On 6 August 1936, six He 51s were delivered to Spain to fight in the Spanish Civil War with the Nationalists. Initial operations were successful, with the Heinkels defeating older, obsolete Spanish Republican Air Force fighters on 18 August 1936, the first day of operations. Deliveries continued, and by November two Nationalist squadrons were equipped with the type, along with three Legion Condor squadrons of 12 aircraft each, manned by German "volunteers".

This time of superiority was short lived, with the arrival of large numbers of more modern aircraft from the Soviet Union, including the Polikarpov I-15 biplane and the new Polikarpov I-16 monoplane, together with the Tupolev SB bomber, which was 110 km/h faster.

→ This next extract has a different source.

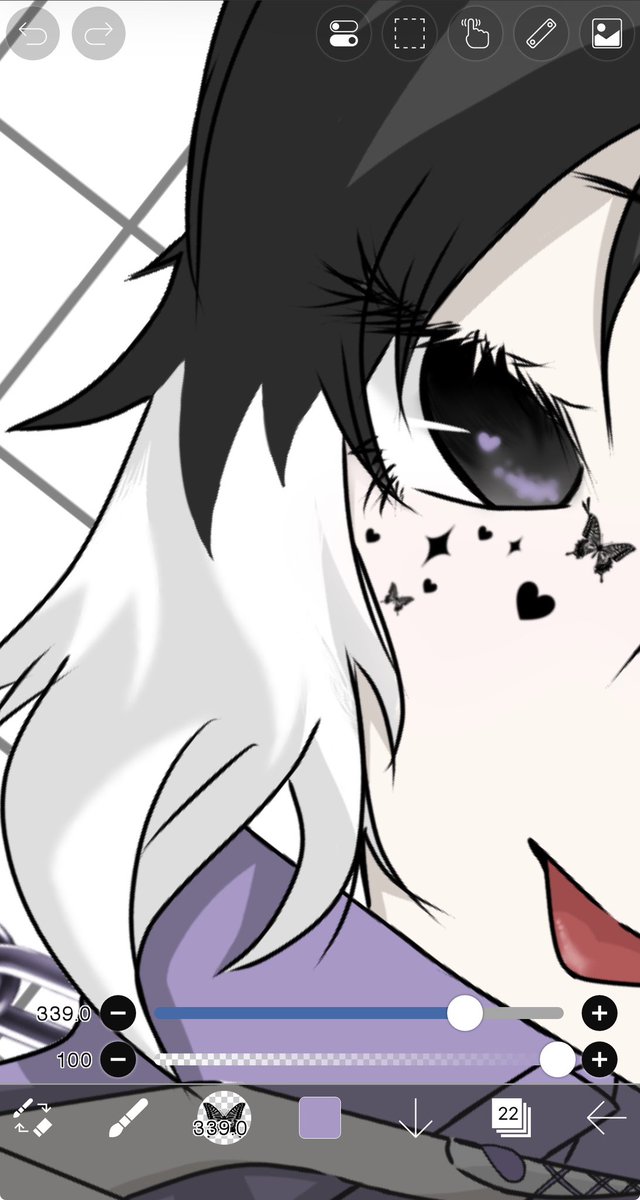 Unknown_KI0624's tweet photo. 【 10月の繋🏷️ 】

The He 51 proved unable to protect the Legion Condors bombers, forcing it to switch to night operations, while also unable to intercept the much faster SBs. The He 51 was soon withdrawn from fighter duty and relegated to the ground-attack role by both the Legion Condor and the Nationalists. It was replaced in the fighter role by the Fiat CR.32 in the Fascist Nationalist Air Force, with the Legion Condor receiving Messerschmitt Bf 109s from April 1937.

While its success as a fighter was short lived, the Heinkel proved more successful as a ground-attack aircraft, being used by Wolfram von Richthofen to develop the close air support tactics used by the Luftwaffe in World War II. It continued in use as such for the remainder of the Civil War, although losses were heavy. After the war, the 46 surviving aircraft would be joined by another 15 newly built airframes, and remain in service in Spain until 1952.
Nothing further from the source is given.